Het is voor de mens echter uiterst moeilijk te erkennen dat hij fout is
geweest. Maar wie of
wat we ook zijn of wat we ook doen, zonder Gods Geest zijn wij niet
compleet. In de Psalmen lezen we: Psalmen 39:5 Laat
mij, HERE, mijn einde kennen, en welke de maat van mijn dagen is; laat mij
weten, hoe vergankelijk ik ben. 6
Zie, Gij hebt mijn dagen als enige handbreedten gesteld, mijn
levensduur is als niets voor U; ja, ieder mens staat daar, enkel een
ademtocht. sela 7 Ja, de mens
gaat daarheen als een schaduw, ja, als een ademtocht suizen zij weg, zij
garen bijeen en weten niet, wie het tot zich nemen zal. 8
En nu, wat verwacht ik, Here? Mijn hoop, die is op U. 9
Red mij van al mijn overtredingen, stel mij niet tot een smaad voor
de dwaas. 10 Ik ben verstomd, ik
doe mijn mond niet open, want Gij zelf hebt het gedaan. Een
mensenleven is als een ademtocht.
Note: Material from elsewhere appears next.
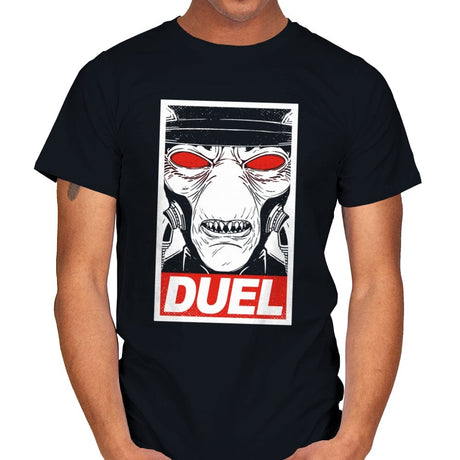 Duel - Mens T-Shirts RIPT Apparel Small / Black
Naar
menselijke maat gemeten was Job iemand die veel bereikt had en een edel
karakter bezat, maar zelf zei hij: Job 42:2
Ik weet, dat Gij alles vermoogt, en dat geen uwer plannen wordt
verijdeld. 3 ‘Wie is het toch,
die het raadsbesluit omsluiert zonder verstand?’ Daarom: ik verkondigde,
zonder inzicht, dingen, mij te wonderbaar en die ik niet begreep. 4
‘Hoor nu, en Ik zal spreken; Ik wil u ondervragen, opdat gij Mij
onderricht’ 5 Slechts van horen
zeggen had ik van U vernomen, maar nu heeft mijn oog U aanschouwd. 6
Daarom herroep ik en doe boete in stof en as.
Kies de weg van geven Er bestaan
veel onjuiste ideeën over wat liefde is; wij moeten echter weten wat
werkelijke, goddelijke liefde is. Liefde wordt
door God ingegeven. En dat is vanzelfsprekend, want God is de bron van
liefde. Liefde is de bereidheid tot geven. De apostel Paulus zegt dat ”de
liefde Gods in onze harten uitgestort is door de heilige Geest” (Rom. 5:5).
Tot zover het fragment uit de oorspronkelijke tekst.